If you've seen me lately and asked how I was doing I surely answered that I was great. And I was. Actually I still am, I just hit a speed bump today (or is it a pot hole?).
I follow the Trisomy Advocacy group on Facebook. I think I might need to stop. It's wonderful to hear stories of children with T18 who are "thriving", who are living longer than expected. But it's so super overwhelming and confusing also.
One of my closest friends happened to call me this morning after I had been reading some articles and watching a very touching video (not about a T18 baby). I was deep into contemplating how and why I (we) make our decisions and didn't realize the emotional toll it was taking on me. I couldn't even lie and say I was doing okay (yes, sometimes I probably do that). I'm sure it wasn't even easy to understand my thoughts through my tears.
It's just so confusing. I really believe that there isn't a "right" answer/choice, made more evident by the fact that there are no known outcomes. But sometimes it is so easy to start to question my value as a mom.

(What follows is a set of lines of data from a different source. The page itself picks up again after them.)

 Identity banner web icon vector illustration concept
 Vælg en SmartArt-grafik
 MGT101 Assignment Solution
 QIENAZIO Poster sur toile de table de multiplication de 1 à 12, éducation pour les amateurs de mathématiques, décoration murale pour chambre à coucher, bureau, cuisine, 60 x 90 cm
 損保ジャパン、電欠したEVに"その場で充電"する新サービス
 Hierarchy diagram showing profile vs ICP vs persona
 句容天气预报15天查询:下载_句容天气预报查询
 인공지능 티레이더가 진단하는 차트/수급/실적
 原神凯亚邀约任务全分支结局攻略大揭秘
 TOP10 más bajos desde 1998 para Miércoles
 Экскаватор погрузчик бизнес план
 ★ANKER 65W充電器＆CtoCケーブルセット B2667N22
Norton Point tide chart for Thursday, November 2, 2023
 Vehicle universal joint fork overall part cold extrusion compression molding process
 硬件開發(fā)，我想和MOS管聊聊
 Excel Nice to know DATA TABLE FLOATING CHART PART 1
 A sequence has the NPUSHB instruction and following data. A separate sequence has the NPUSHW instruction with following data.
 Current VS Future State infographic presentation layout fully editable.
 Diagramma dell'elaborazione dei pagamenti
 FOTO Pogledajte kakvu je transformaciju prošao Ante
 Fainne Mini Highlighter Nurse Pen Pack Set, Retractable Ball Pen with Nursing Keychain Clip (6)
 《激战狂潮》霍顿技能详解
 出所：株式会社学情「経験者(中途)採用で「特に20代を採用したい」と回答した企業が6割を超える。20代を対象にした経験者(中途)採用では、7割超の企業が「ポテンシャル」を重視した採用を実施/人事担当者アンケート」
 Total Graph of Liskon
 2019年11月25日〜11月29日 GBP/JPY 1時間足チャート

I know there is only about a 5% chance that Abby will make it to her first birthday, and I haven't read a single account of a baby making it that far without corrective heart surgery (unless they didn't have a heart problem). What if it was more common to give medical aid to these kids? What would the statistics show?
It only takes a 50% chance of death from a congenital problem for the medical society to classify the syndrome as "fatal". In 1972 babies with Down Syndrome were born (I have no idea how many lived at that time, but I do believe their life expectancy has almost doubled since then), after Rowe v. Wade 90% of diagnosed cases of Down Syndrome are terminated. Are we a society that is so afraid of adversity??? I know there are varying degrees of all syndromes, but children with Down Syndrome are often happy and capable. They currently have a life expectancy of around 50 years old. I'm not meaning to simplify their life, but it blows my mind that they are so easily discarded.
Okay, that was really off the point.
So I get myself stuck... wondering why I'm not fighting harder for Abby. Yes, I'm growing her and letting her body decide when it's time is over. But why am I not even inclined to fight, to find someone who would perform surgery? If one of my other children was given a 5% chance at life you can bet your ass I would be doing everything possible to keep them with me. Why am I so comfortable (that is way too light of a word but I can't find a better descriptor) not fighting harder for Abby? (And clearly I am not "so comfortable" as I'm still feeling confused about this.) I know the love I have for my children, why am I willing to accept this behavior towards her? The only answer I've been able to come up with is that this is the only life I've expected with her, and that even children who have T18 without heart problems don't live long.
I wonder what my other children will think someday? Will they wonder about the decisions I (we) made? Will Trisomy children be given more or less of a chance? Parents are fighting so hard to change the treatment of these kids, at the same time more families are choosing to terminate the pregnancies. I wonder how many of the parents who fight for their child would have ended their life, because more often than not it's families that were unprepared for a baby with T18 that are telling the success stories. Which leads me to believe that they probably had softer markers, and maybe more of a chance in the first place.
I wonder how I will feel once I have held her precious little body in my arms? Whether she is born into my arms or heaven, how will I feel when that moment arrives? Will I be drawn to make different decisions, will I question myself more or feel more at peace?
And I hope that our actions towards Abby do show love. Because we do love her, and she has already brought us so much joy. Our hearts are bigger from the love we have for Abigail, grown from a deeper compassion than we have known before.
When my kids read this years from now I hope they know deep in their heart how much we love their little sister. How open our hearts are to cherishing her during this life, and how much we look forward to a time when we are all reunited in heaven (not too soon). And I hope they know I will fight my ass off for them every step of the way, even if it doesn't look/feel/seem like I am doing that right now for Abby.